What Mattson Tomlin said about the shift
Tomlin confirmed he has walked away from the Mega Man film and offered a candid read on why Hollywood keeps circling gaming IP. Asked about the project’s status, he didn’t dress it up:
Then came the part that travelled. He framed his departure against a broader industry pivot, saying Hollywood is “sort of making a shift from being comic book obsessed to video game obsessed,” and backed it with the number from his own inbox: “My point of view is also born out of the fact that I am getting at least 5x more offers for video game adaptations than comic book adaptations this year.” When the person writing one of DC’s biggest upcoming films is being buried in Mega Man-adjacent pitches, that tells you something.
Are superhero movies actually dying
Not dead — but the era of guaranteed success is over. That’s the honest reading, and the source is careful about it too.

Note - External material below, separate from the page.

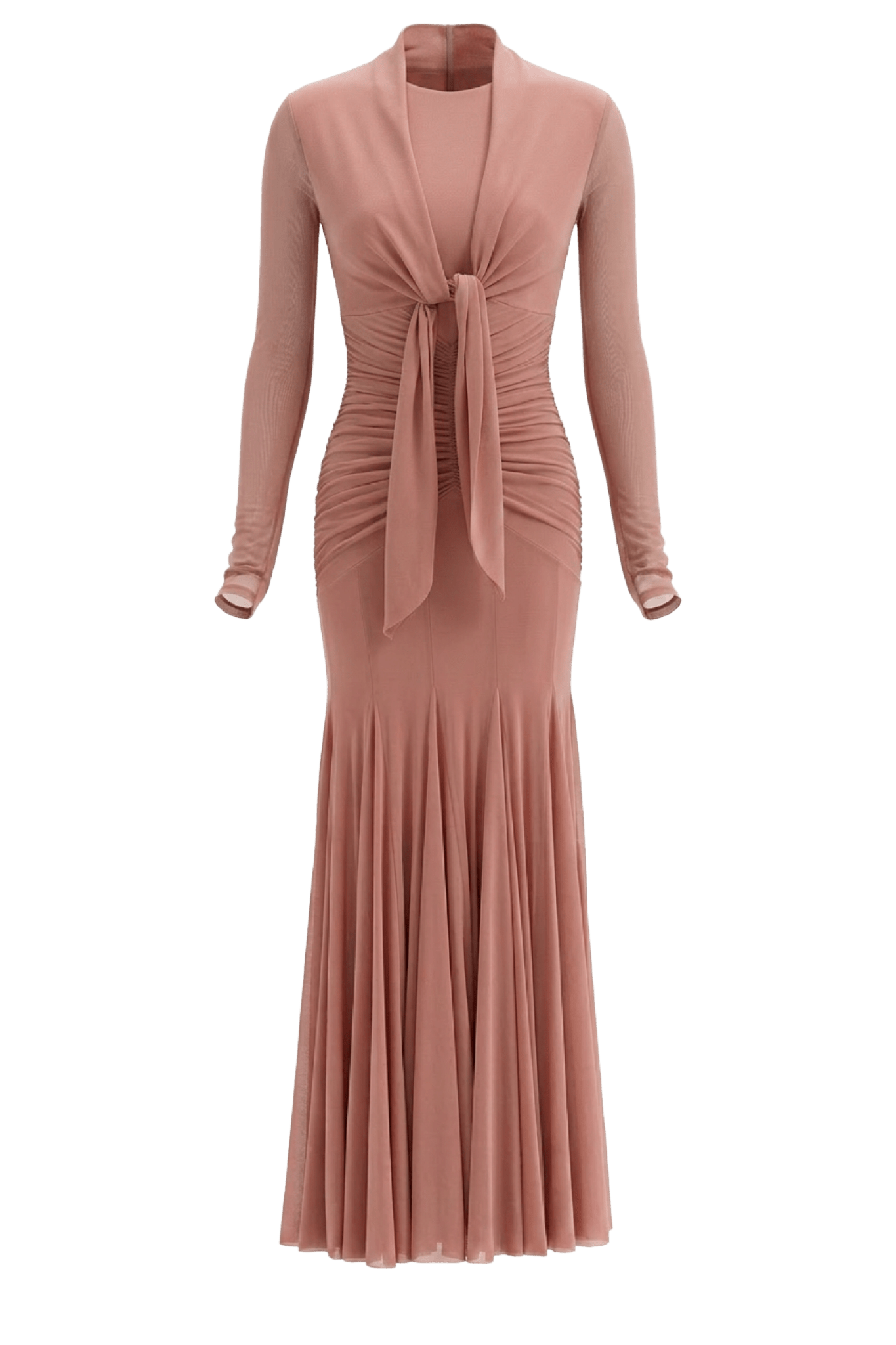 Ruched Tulle Dress & Jacket - ALBOUSHIYA - district 5 - dubai - riyadh - abaya - dresses - designers - evening wear - luxury - elegance - craftsmanship - gowns - cocktail dresses - collections - georges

Marvel and DC still have tentpoles that print money: Deadpool & Wolverine, the Spider-Man films, this month’s Spider-Man: Brand New Day and December’s Avengers: Doomsday will all do fine.
The trouble is everything outside the marquee names. Captain America: Brave New World, Thunderbolts and Supergirl have all struggled at the box office. The old logic — that any character in a cape could open a movie — has quietly stopped working. So studios went looking for the next reliable hook, and it turns out gamers already own the merchandise.
Why video game movies are winning
The pitch is simple: family-friendly video game films are among the most reliable earners in cinemas right now, and the box office proves it. The top four highest-grossing video game movies of all time all came out in the last three years. That is not a fluke; that is a category.
|
Film |
Box office gross |
|---|---|
|
The Super Mario Bros. Movie |
$1.3 billion |
|
The Super Mario Galaxy Movie |
just over $1 billion |
|
A Minecraft Movie |
just shy of $1 billion |
Add the Sonic the Hedgehog and Five Nights at Freddy’s franchises, plus the Iron Lung movie — a megahit relative to what it cost to make — and the pattern is hard to ignore. (Quick flag on that Mario sequel: the source calls it The Super Mario Galaxy Movie, and we’re reporting it as given.) For more on that record-setting run, see our coverage of the Mario sequel’s opening weekend.
It isn’t all wins, and pretending otherwise would be dishonest. Mortal Kombat 2 struggled, which surprised a few people. Until Dawn and Return to Silent Hill did nothing theatrically. Slapping a beloved logo on a poster is not a cheat code. But the hit rate at the top end is doing what studios love: de-risking the biggest bets.
Which video game movies are coming next
The pipeline runs from late 2026 through 2029, and it is stacked. Here’s what the source lays out.
- 2026: Zach Cregger’s Resident Evil movie in September, and the Street Fighter movie in October.
- 2027: The Angry Birds Movie 3, Sonic the Hedgehog 4, The Legend of Zelda, A Minecraft Movie Squared, and Helldivers.
- 2028: the Elden Ring movie (currently filming), the Call of Duty movie, a rumoured Donkey Kong film, and a possible Battlefield adaptation.
- 2029: Super Mario Movie 3 is expected.
And that’s before the source starts listing the ones further out — Clair Obscur: Expedition 33, Horizon Zero Dawn, Gears of War, Death Stranding, Metal Gear Solid. The list, as they say, goes on. Treat the 2027–2029 dates as expected rather than locked; the Battlefield and Donkey Kong projects are flagged as possible and rumoured respectively.
Why this matters for UAE audiences
For a market as gaming-heavy and young as the UAE, this shift is aimed squarely at you. The IP driving Hollywood’s next few years — Mario, Link, Sonic, the Resident Evil and Street Fighter rosters — is the stuff already running on consoles and phones across the country. That’s a huge built-in audience walking into VOX and Reel Cinemas already fluent in the source material.
The one thing the source doesn’t give us is UAE specifics: no confirmed local release dates, no regional box office figures, no word from local distributors. So while the global calendar is clear, exactly when each of these lands here is still to be confirmed. What’s not in doubt is the direction of travel. As Tomlin puts it, Spider-Man, the Avengers, Batman and Superman will always get new movies — but the real growth now belongs to Mario, Link, Sonic, and Steve.